++++ Records supplied
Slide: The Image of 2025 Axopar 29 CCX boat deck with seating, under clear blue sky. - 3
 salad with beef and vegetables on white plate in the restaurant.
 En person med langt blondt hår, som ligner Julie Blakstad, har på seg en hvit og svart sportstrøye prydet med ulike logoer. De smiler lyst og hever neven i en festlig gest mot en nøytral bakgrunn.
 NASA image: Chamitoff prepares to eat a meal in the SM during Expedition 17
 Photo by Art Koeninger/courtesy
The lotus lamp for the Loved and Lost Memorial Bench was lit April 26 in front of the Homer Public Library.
++++++++
* Required work *
Give back each record above exactly as written.

* Written response *
Slide: The Image of 2025 Axopar 29 CCX boat deck with seating, under clear blue sky. - 3
 salad with beef and vegetables on white plate in the restaurant.
 En person med langt blondt hår, som ligner Julie Blakstad, har på seg en hvit og svart sportstrøye prydet med ulike logoer. De smiler lyst og hever neven i en festlig gest mot en nøytral bakgrunn.
 NASA image: Chamitoff prepares to eat a meal in the SM during Expedition 17
 Photo by Art Koeninger/courtesy
The lotus lamp for the Loved and Lost Memorial Bench was lit April 26 in front of the Homer Public Library.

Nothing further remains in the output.